WHAT YOU WILL DO: The listing, minus its pictures, is to be given again exactly.

=== SUPPLIED DATA ===

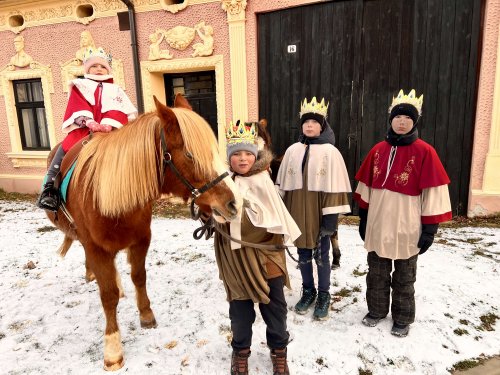 Tříkrálová sbírka v Podolí - 3.1.2026
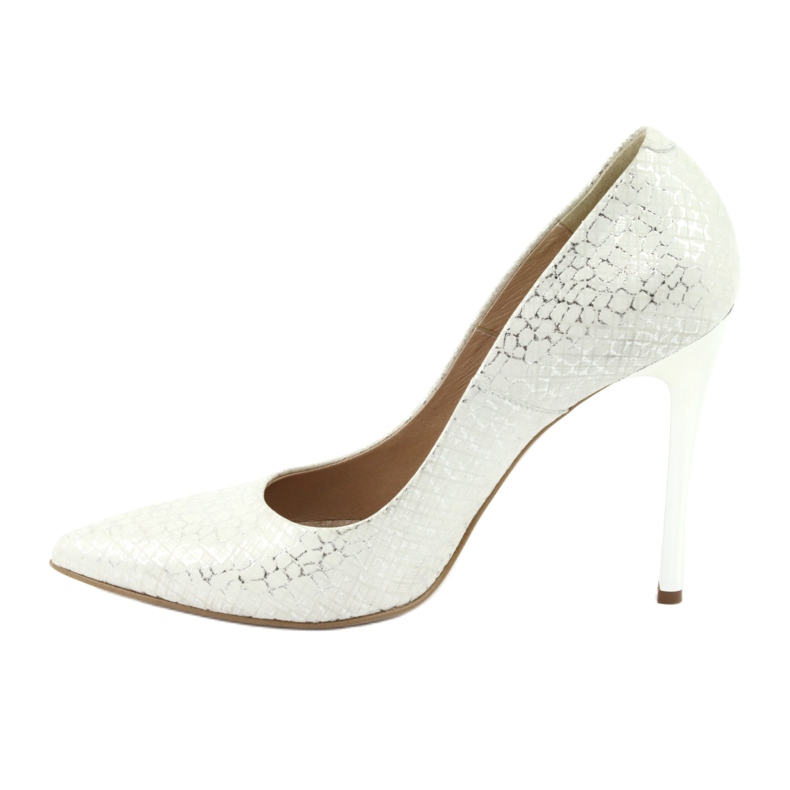 Pompe Pe Un Pin Argintiu Espinto 391/63 alb gri 2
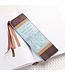 Be Still and Know That I Am God Faux Leather Bookmark - Psalm 46:10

===

EXPECTED ANSWER:
 Tříkrálová sbírka v Podolí - 3.1.2026
 Pompe Pe Un Pin Argintiu Espinto 391/63 alb gri 2
 Be Still and Know That I Am God Faux Leather Bookmark - Psalm 46:10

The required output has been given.